* INSTRUCTIONS TO FOLLOW
A word-for-word reproduction of the data below is needed, with no pictures in it.

* DATA SHOWN
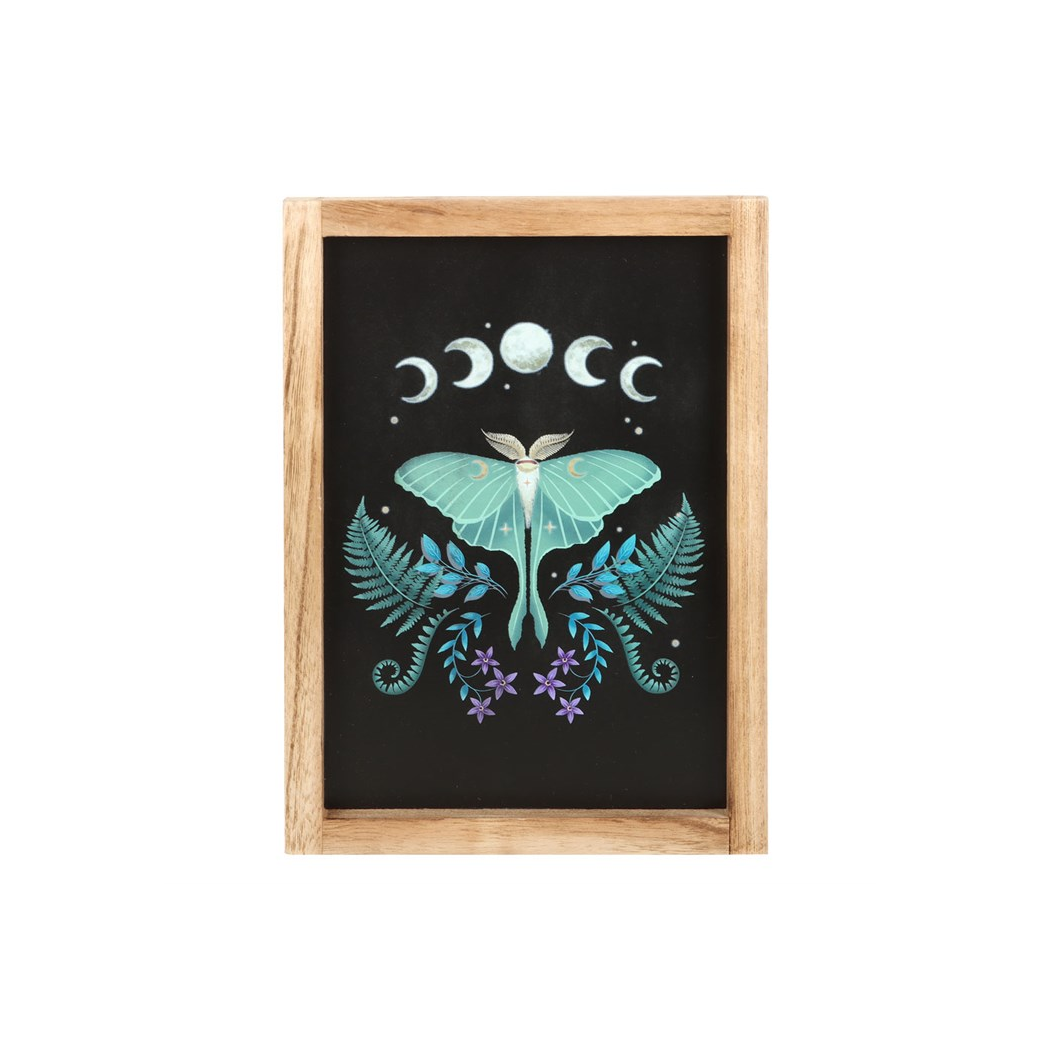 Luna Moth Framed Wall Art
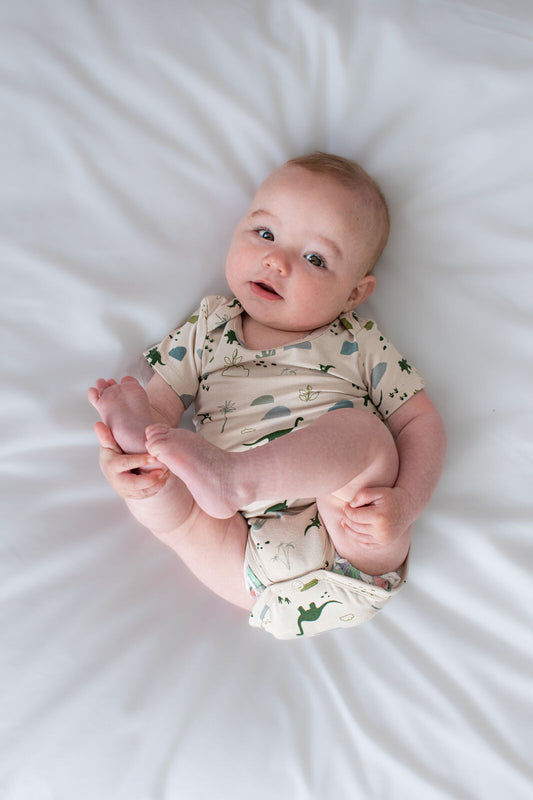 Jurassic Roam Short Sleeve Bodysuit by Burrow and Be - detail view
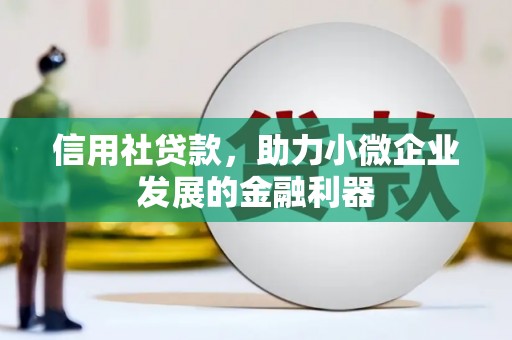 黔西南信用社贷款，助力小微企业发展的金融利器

* EXERCISE OUTPUT
 Luna Moth Framed Wall Art
 Jurassic Roam Short Sleeve Bodysuit by Burrow and Be - detail view
 黔西南信用社贷款，助力小微企业发展的金融利器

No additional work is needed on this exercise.